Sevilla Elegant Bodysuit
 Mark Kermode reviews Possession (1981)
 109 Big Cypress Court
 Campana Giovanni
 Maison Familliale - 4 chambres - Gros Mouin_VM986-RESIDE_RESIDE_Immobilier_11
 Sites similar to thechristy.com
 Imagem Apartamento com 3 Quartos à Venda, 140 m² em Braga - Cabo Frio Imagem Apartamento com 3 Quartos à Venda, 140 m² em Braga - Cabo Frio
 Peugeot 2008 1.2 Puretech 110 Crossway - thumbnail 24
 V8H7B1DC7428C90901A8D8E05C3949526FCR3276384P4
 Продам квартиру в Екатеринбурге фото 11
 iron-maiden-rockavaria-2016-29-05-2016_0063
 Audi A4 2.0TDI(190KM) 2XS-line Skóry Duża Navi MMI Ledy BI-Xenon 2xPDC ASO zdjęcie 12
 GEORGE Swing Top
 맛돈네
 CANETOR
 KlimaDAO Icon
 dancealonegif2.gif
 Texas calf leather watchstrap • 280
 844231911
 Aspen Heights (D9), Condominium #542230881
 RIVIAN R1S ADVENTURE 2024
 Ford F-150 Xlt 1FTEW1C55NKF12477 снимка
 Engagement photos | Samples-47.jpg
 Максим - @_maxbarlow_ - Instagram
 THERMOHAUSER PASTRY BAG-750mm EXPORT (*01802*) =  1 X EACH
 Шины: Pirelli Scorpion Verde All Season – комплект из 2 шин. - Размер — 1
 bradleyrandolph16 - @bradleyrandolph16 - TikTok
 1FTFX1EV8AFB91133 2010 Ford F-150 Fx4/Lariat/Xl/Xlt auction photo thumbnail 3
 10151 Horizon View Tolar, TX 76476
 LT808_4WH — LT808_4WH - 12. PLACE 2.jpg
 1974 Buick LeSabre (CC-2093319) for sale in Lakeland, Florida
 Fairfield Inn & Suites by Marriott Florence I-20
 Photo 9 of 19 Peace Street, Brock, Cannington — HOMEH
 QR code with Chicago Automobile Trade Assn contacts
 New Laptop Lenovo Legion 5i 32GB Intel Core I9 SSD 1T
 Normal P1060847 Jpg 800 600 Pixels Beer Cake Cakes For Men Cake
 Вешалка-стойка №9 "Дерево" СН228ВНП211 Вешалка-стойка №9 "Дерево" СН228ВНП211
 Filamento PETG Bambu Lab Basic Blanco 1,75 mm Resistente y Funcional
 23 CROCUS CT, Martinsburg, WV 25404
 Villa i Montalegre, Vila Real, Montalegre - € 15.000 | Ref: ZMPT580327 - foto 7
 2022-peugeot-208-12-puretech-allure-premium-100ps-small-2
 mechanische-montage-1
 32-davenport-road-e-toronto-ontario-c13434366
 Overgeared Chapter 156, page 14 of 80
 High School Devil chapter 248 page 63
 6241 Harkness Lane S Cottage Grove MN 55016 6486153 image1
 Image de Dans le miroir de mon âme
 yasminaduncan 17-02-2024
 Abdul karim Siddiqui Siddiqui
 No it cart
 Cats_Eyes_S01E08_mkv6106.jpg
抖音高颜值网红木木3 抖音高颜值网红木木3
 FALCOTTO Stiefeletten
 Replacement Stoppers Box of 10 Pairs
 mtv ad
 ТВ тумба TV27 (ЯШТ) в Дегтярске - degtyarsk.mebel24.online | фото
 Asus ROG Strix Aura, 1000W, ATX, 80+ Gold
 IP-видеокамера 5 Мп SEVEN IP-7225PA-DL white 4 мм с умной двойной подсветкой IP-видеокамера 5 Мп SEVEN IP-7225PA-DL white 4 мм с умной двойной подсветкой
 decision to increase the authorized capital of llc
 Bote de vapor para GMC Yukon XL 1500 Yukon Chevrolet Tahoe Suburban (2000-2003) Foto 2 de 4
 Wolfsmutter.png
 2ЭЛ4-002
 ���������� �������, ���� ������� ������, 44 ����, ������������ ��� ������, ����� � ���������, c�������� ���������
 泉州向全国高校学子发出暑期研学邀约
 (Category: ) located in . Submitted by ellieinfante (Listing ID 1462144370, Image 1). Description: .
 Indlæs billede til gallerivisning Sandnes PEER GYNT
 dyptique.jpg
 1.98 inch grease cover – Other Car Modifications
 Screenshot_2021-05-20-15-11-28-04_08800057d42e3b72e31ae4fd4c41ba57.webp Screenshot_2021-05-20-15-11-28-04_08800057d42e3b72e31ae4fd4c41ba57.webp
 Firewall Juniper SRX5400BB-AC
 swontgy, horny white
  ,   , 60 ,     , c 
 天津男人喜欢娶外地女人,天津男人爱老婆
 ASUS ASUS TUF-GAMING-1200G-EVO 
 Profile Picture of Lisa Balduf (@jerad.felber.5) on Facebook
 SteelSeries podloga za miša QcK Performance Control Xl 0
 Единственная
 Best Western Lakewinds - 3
********************
#### [Work order]
Retype the material. Keep it exact.

#### [Output]
Sevilla Elegant Bodysuit
 Mark Kermode reviews Possession (1981)
 109 Big Cypress Court
 Campana Giovanni
 Maison Familliale - 4 chambres - Gros Mouin_VM986-RESIDE_RESIDE_Immobilier_11
 Sites similar to thechristy.com
 Imagem Apartamento com 3 Quartos à Venda, 140 m² em Braga - Cabo Frio Imagem Apartamento com 3 Quartos à Venda, 140 m² em Braga - Cabo Frio
 Peugeot 2008 1.2 Puretech 110 Crossway - thumbnail 24
 V8H7B1DC7428C90901A8D8E05C3949526FCR3276384P4
 Продам квартиру в Екатеринбурге фото 11
 iron-maiden-rockavaria-2016-29-05-2016_0063
 Audi A4 2.0TDI(190KM) 2XS-line Skóry Duża Navi MMI Ledy BI-Xenon 2xPDC ASO zdjęcie 12
 GEORGE Swing Top
 맛돈네
 CANETOR
 KlimaDAO Icon
 dancealonegif2.gif
 Texas calf leather watchstrap • 280
 844231911
 Aspen Heights (D9), Condominium #542230881
 RIVIAN R1S ADVENTURE 2024
 Ford F-150 Xlt 1FTEW1C55NKF12477 снимка
 Engagement photos | Samples-47.jpg
 Максим - @_maxbarlow_ - Instagram
 THERMOHAUSER PASTRY BAG-750mm EXPORT (*01802*) =  1 X EACH
 Шины: Pirelli Scorpion Verde All Season – комплект из 2 шин. - Размер — 1
 bradleyrandolph16 - @bradleyrandolph16 - TikTok
 1FTFX1EV8AFB91133 2010 Ford F-150 Fx4/Lariat/Xl/Xlt auction photo thumbnail 3
 10151 Horizon View Tolar, TX 76476
 LT808_4WH — LT808_4WH - 12. PLACE 2.jpg
 1974 Buick LeSabre (CC-2093319) for sale in Lakeland, Florida
 Fairfield Inn & Suites by Marriott Florence I-20
 Photo 9 of 19 Peace Street, Brock, Cannington — HOMEH
 QR code with Chicago Automobile Trade Assn contacts
 New Laptop Lenovo Legion 5i 32GB Intel Core I9 SSD 1T
 Normal P1060847 Jpg 800 600 Pixels Beer Cake Cakes For Men Cake
 Вешалка-стойка №9 "Дерево" СН228ВНП211 Вешалка-стойка №9 "Дерево" СН228ВНП211
 Filamento PETG Bambu Lab Basic Blanco 1,75 mm Resistente y Funcional
 23 CROCUS CT, Martinsburg, WV 25404
 Villa i Montalegre, Vila Real, Montalegre - € 15.000 | Ref: ZMPT580327 - foto 7
 2022-peugeot-208-12-puretech-allure-premium-100ps-small-2
 mechanische-montage-1
 32-davenport-road-e-toronto-ontario-c13434366
 Overgeared Chapter 156, page 14 of 80
 High School Devil chapter 248 page 63
 6241 Harkness Lane S Cottage Grove MN 55016 6486153 image1
 Image de Dans le miroir de mon âme
 yasminaduncan 17-02-2024
 Abdul karim Siddiqui Siddiqui
 No it cart
 Cats_Eyes_S01E08_mkv6106.jpg
抖音高颜值网红木木3 抖音高颜值网红木木3
 FALCOTTO Stiefeletten
 Replacement Stoppers Box of 10 Pairs
 mtv ad
 ТВ тумба TV27 (ЯШТ) в Дегтярске - degtyarsk.mebel24.online | фото
 Asus ROG Strix Aura, 1000W, ATX, 80+ Gold
 IP-видеокамера 5 Мп SEVEN IP-7225PA-DL white 4 мм с умной двойной подсветкой IP-видеокамера 5 Мп SEVEN IP-7225PA-DL white 4 мм с умной двойной подсветкой
 decision to increase the authorized capital of llc
 Bote de vapor para GMC Yukon XL 1500 Yukon Chevrolet Tahoe Suburban (2000-2003) Foto 2 de 4
 Wolfsmutter.png
 2ЭЛ4-002
 ���������� �������, ���� ������� ������, 44 ����, ������������ ��� ������, ����� � ���������, c�������� ���������
 泉州向全国高校学子发出暑期研学邀约
 (Category: ) located in . Submitted by ellieinfante (Listing ID 1462144370, Image 1). Description: .
 Indlæs billede til gallerivisning Sandnes PEER GYNT
 dyptique.jpg
 1.98 inch grease cover – Other Car Modifications
 Screenshot_2021-05-20-15-11-28-04_08800057d42e3b72e31ae4fd4c41ba57.webp Screenshot_2021-05-20-15-11-28-04_08800057d42e3b72e31ae4fd4c41ba57.webp
 Firewall Juniper SRX5400BB-AC
 swontgy, horny white
  ,   , 60 ,     , c 
 天津男人喜欢娶外地女人,天津男人爱老婆
 ASUS ASUS TUF-GAMING-1200G-EVO 
 Profile Picture of Lisa Balduf (@jerad.felber.5) on Facebook
 SteelSeries podloga za miša QcK Performance Control Xl 0
 Единственная
 Best Western Lakewinds - 3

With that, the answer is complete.